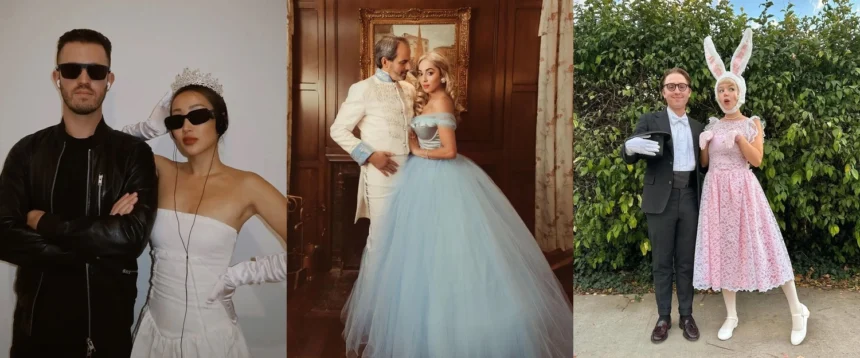 Creative Halloween Costumes for Couples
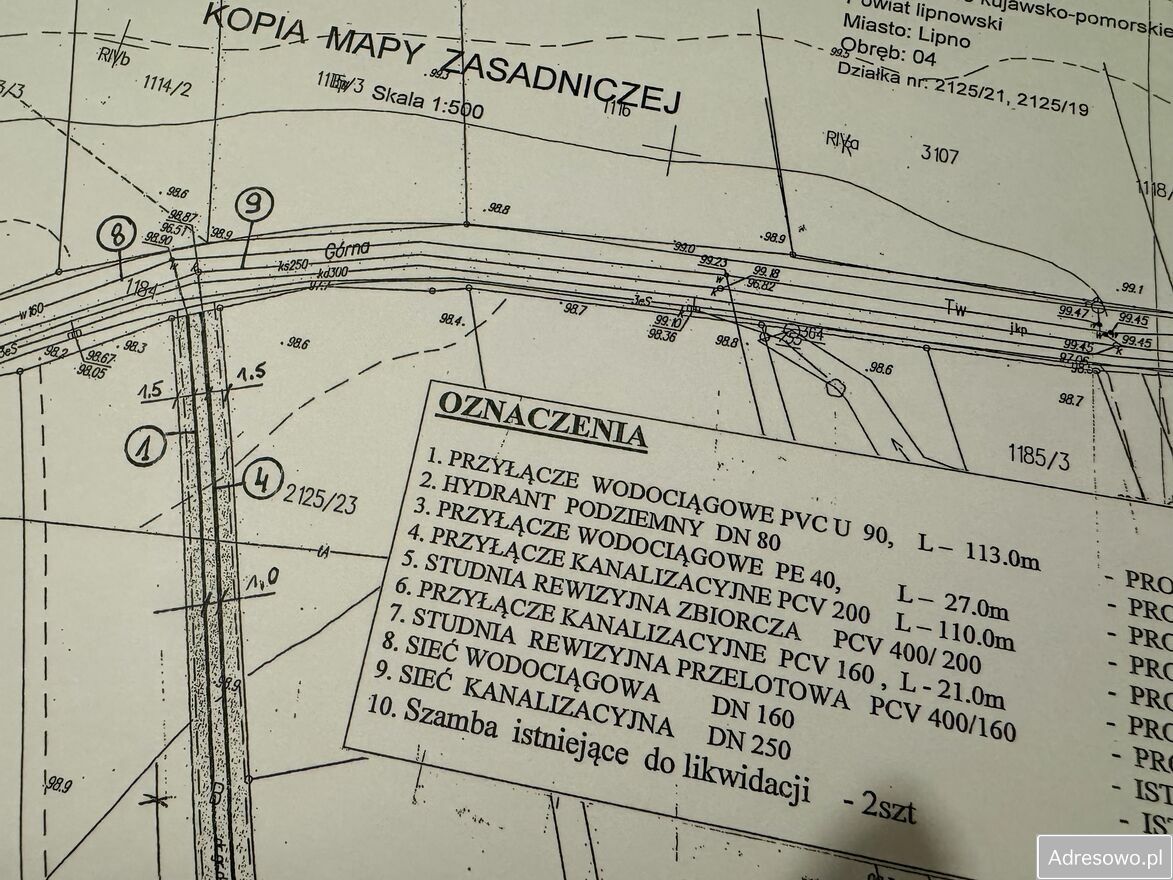 Działka budowlana Lipno, ul. Górna. Zdjęcie 11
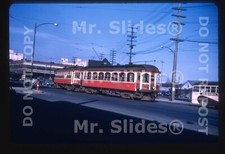 Duplicate Slide Streetcar/Tram:  BCE British Columbia Electric 1006 & 1 Action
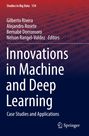 : Innovations in Machine and Deep Learning, Buch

> **Task requirements**
Retyped exactly, the lines from the one holding "1006 & 1 Action" through the last line of the data above are the whole answer. Pictures stay out.

> **Answer to the exercise**
 Duplicate Slide Streetcar/Tram:  BCE British Columbia Electric 1006 & 1 Action
 : Innovations in Machine and Deep Learning, Buch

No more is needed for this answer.